[[ EXERCISE DATA, beginning ]]
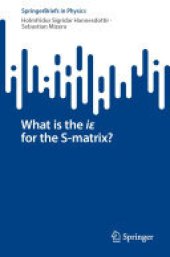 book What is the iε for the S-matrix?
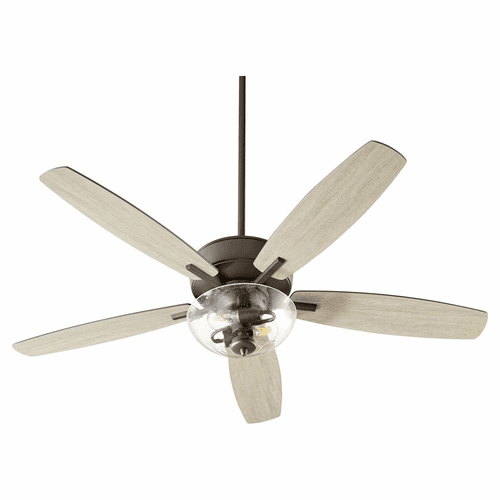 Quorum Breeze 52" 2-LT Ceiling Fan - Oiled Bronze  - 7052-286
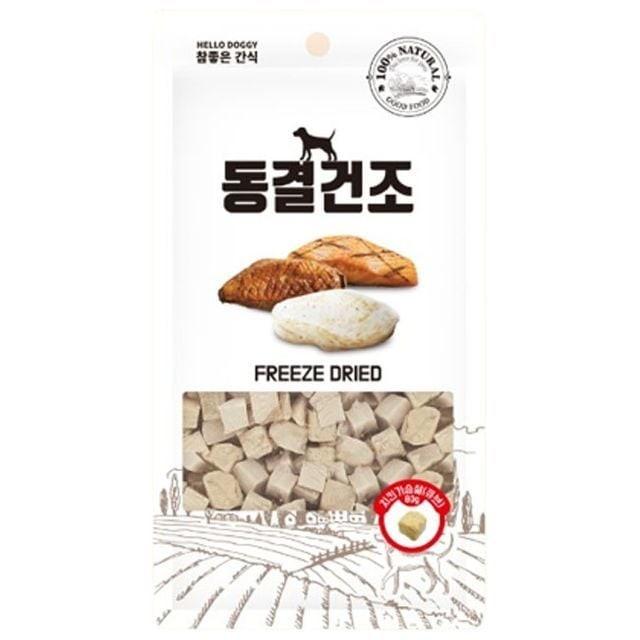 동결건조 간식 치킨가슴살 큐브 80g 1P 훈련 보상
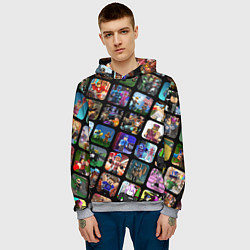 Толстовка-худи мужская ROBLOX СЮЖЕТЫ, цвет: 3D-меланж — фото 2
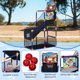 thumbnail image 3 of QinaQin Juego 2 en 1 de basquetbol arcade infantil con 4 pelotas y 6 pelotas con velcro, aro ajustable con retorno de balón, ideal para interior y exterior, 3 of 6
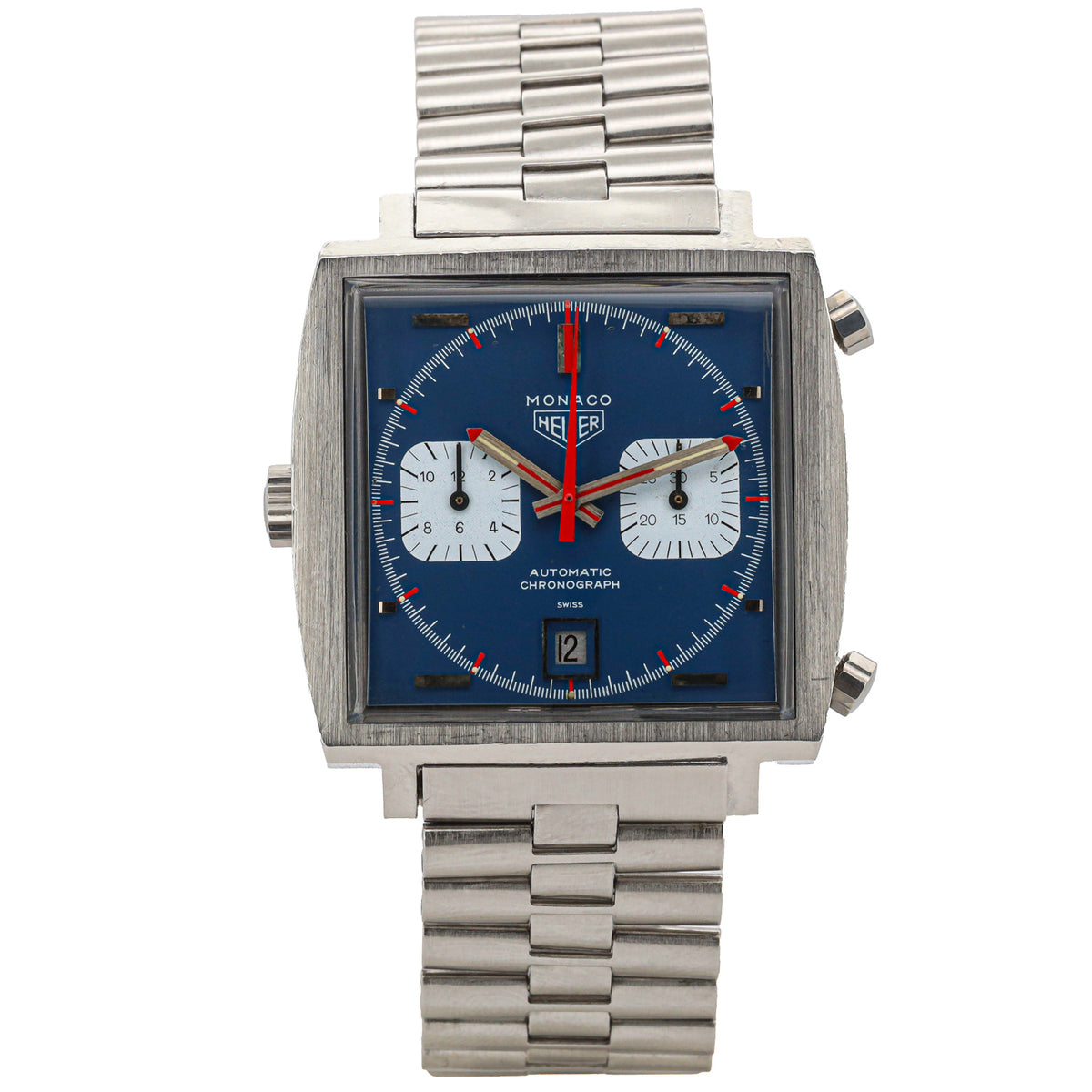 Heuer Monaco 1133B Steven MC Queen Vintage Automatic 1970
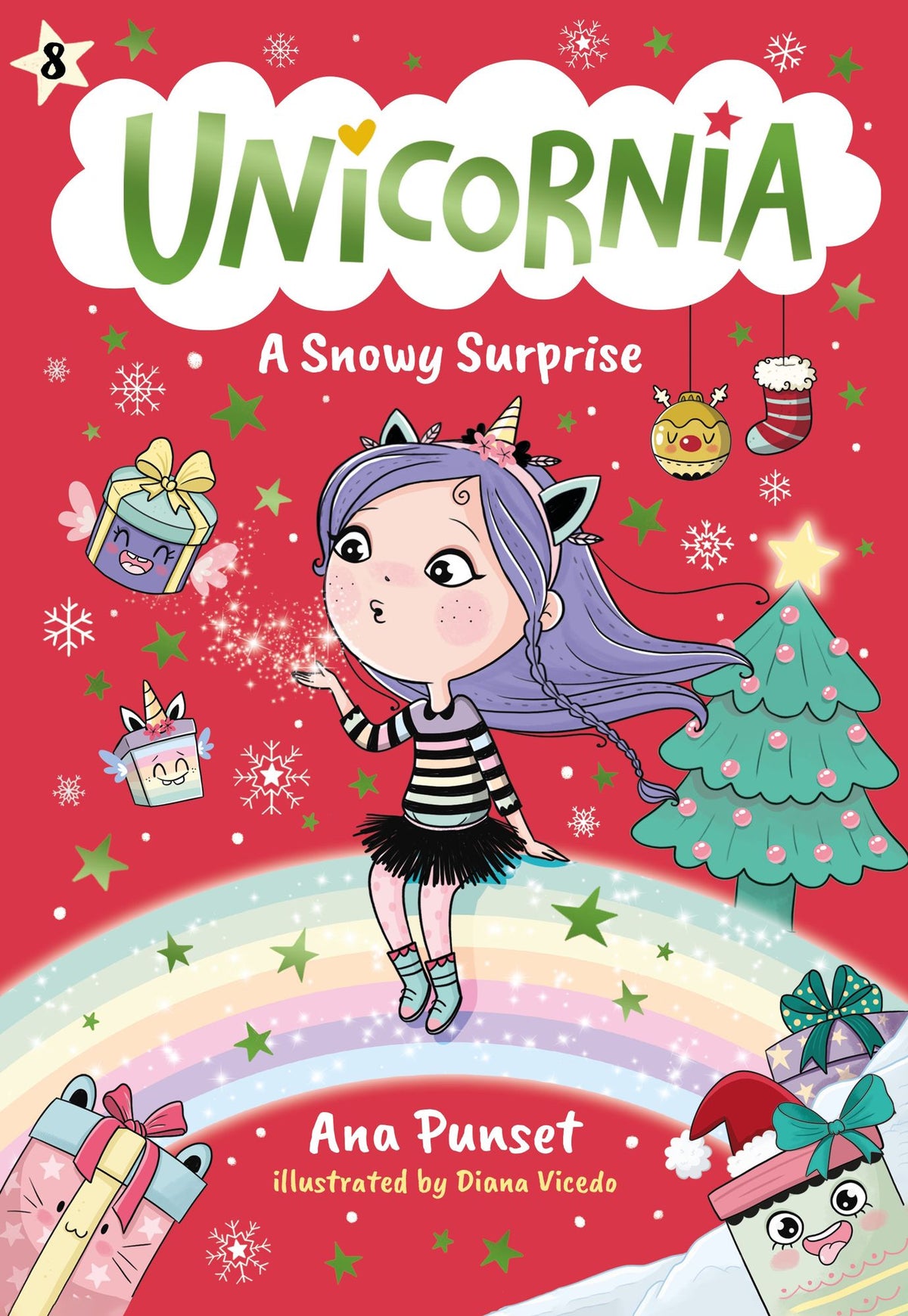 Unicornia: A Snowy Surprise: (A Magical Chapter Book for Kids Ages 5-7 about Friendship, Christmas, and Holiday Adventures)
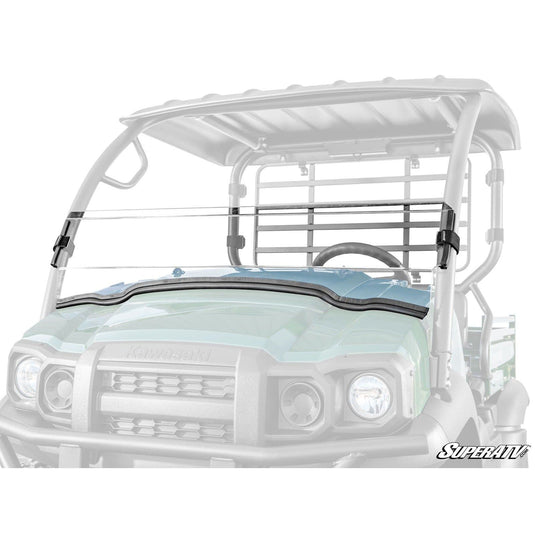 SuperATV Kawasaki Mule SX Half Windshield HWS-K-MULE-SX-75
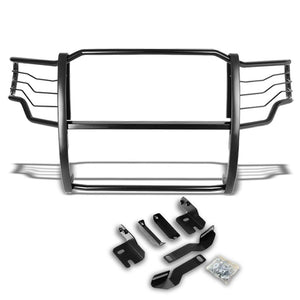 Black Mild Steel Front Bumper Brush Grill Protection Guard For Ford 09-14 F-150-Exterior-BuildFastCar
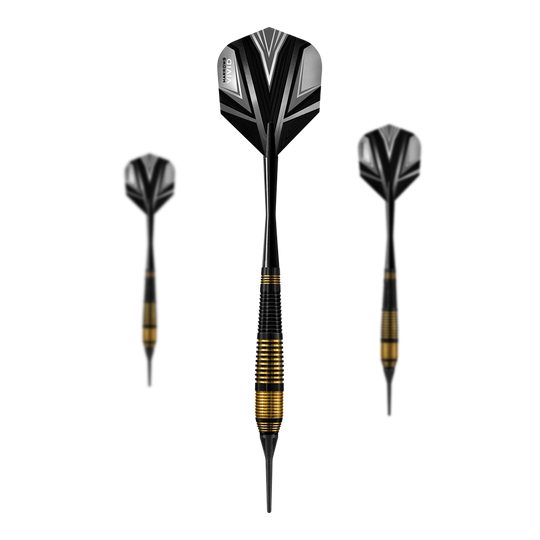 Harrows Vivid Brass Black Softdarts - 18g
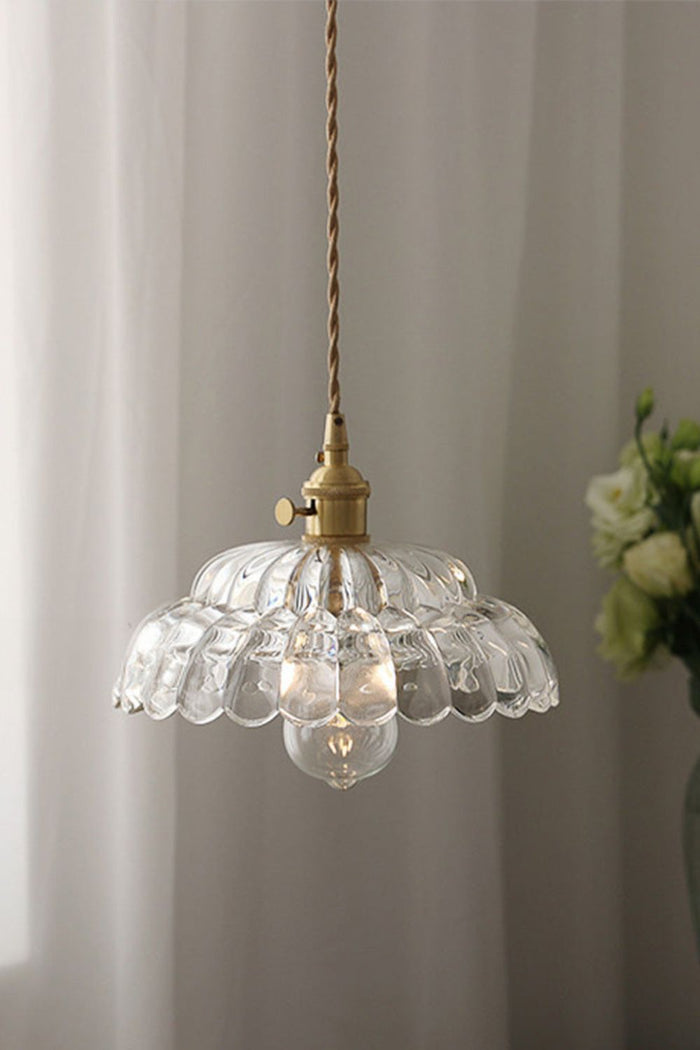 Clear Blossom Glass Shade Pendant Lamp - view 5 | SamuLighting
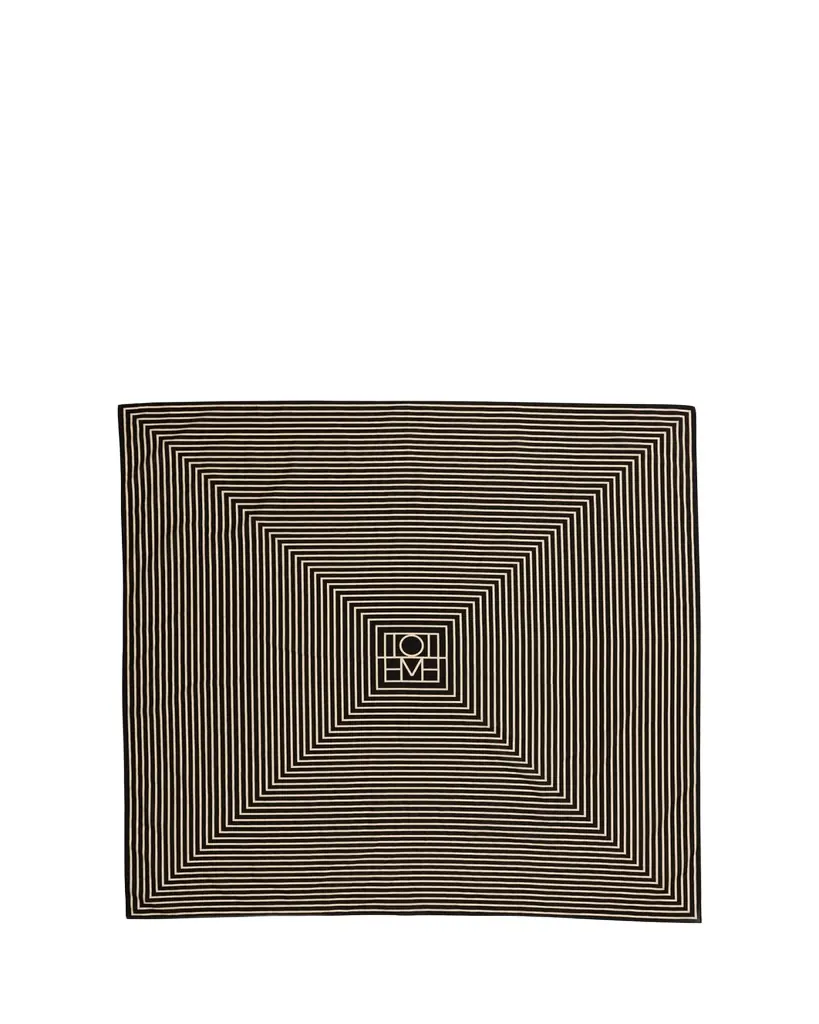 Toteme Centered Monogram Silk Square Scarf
[[ EXERCISE DATA, end ]]
▸ WHAT THE TASK REQUIRES
Your task is to retype all the entries exactly and leave out any pictures.

▸ REPLY
 book What is the iε for the S-matrix?
 Quorum Breeze 52" 2-LT Ceiling Fan - Oiled Bronze  - 7052-286
 동결건조 간식 치킨가슴살 큐브 80g 1P 훈련 보상
 Толстовка-худи мужская ROBLOX СЮЖЕТЫ, цвет: 3D-меланж — фото 2
 thumbnail image 3 of QinaQin Juego 2 en 1 de basquetbol arcade infantil con 4 pelotas y 6 pelotas con velcro, aro ajustable con retorno de balón, ideal para interior y exterior, 3 of 6
 Heuer Monaco 1133B Steven MC Queen Vintage Automatic 1970
 Unicornia: A Snowy Surprise: (A Magical Chapter Book for Kids Ages 5-7 about Friendship, Christmas, and Holiday Adventures)
 SuperATV Kawasaki Mule SX Half Windshield HWS-K-MULE-SX-75
 Black Mild Steel Front Bumper Brush Grill Protection Guard For Ford 09-14 F-150-Exterior-BuildFastCar
 Harrows Vivid Brass Black Softdarts - 18g
 Clear Blossom Glass Shade Pendant Lamp - view 5 | SamuLighting
 Toteme Centered Monogram Silk Square Scarf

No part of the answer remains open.